— WHAT THIS TASK INVOLVES —
From the first line of the data below, copy each line up to the one containing "Grill Panini double", and include that line too.

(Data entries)
***
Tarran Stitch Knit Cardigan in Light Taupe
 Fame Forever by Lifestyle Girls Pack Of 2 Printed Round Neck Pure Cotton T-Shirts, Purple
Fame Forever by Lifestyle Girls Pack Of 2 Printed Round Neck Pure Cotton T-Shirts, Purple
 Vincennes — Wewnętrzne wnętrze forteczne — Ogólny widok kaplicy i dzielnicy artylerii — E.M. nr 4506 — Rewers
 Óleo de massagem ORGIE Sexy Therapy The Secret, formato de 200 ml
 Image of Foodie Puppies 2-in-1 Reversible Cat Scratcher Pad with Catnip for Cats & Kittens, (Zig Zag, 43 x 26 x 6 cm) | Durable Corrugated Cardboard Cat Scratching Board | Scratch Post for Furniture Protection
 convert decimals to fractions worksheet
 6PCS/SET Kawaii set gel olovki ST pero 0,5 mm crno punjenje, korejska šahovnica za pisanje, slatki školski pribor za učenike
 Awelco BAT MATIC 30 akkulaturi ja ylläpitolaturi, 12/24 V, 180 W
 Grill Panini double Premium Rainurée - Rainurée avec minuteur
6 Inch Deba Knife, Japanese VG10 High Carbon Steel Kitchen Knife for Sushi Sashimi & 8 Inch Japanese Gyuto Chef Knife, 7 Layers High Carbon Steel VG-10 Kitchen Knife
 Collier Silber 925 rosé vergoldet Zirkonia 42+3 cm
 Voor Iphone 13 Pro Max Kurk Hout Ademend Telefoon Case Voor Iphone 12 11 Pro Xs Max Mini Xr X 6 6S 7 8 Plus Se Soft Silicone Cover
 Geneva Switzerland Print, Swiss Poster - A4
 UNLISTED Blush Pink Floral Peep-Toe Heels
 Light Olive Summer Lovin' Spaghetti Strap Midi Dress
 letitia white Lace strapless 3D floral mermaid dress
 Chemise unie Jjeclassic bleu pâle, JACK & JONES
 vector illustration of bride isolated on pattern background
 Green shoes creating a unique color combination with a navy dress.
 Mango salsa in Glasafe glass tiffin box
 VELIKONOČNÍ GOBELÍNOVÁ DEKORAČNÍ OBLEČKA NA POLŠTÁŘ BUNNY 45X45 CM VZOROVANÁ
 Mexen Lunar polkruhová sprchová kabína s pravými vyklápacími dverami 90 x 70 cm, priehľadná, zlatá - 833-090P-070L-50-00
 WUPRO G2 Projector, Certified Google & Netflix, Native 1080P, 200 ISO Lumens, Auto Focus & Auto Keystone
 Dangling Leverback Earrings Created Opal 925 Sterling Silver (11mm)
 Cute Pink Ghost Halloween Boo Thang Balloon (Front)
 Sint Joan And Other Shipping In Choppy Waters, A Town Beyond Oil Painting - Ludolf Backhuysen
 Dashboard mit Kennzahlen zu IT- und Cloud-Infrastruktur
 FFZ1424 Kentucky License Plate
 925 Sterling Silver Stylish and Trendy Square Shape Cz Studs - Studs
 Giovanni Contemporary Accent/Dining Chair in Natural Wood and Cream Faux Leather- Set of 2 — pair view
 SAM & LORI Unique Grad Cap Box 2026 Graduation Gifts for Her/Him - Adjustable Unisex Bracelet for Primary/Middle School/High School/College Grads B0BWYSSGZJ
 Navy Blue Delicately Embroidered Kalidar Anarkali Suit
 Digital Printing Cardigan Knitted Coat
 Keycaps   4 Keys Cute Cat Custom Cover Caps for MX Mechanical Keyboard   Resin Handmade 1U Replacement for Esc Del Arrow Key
***
— YOUR SOLUTION —
Tarran Stitch Knit Cardigan in Light Taupe
 Fame Forever by Lifestyle Girls Pack Of 2 Printed Round Neck Pure Cotton T-Shirts, Purple
Fame Forever by Lifestyle Girls Pack Of 2 Printed Round Neck Pure Cotton T-Shirts, Purple
 Vincennes — Wewnętrzne wnętrze forteczne — Ogólny widok kaplicy i dzielnicy artylerii — E.M. nr 4506 — Rewers
 Óleo de massagem ORGIE Sexy Therapy The Secret, formato de 200 ml
 Image of Foodie Puppies 2-in-1 Reversible Cat Scratcher Pad with Catnip for Cats & Kittens, (Zig Zag, 43 x 26 x 6 cm) | Durable Corrugated Cardboard Cat Scratching Board | Scratch Post for Furniture Protection
 convert decimals to fractions worksheet
 6PCS/SET Kawaii set gel olovki ST pero 0,5 mm crno punjenje, korejska šahovnica za pisanje, slatki školski pribor za učenike
 Awelco BAT MATIC 30 akkulaturi ja ylläpitolaturi, 12/24 V, 180 W
 Grill Panini double Premium Rainurée - Rainurée avec minuteur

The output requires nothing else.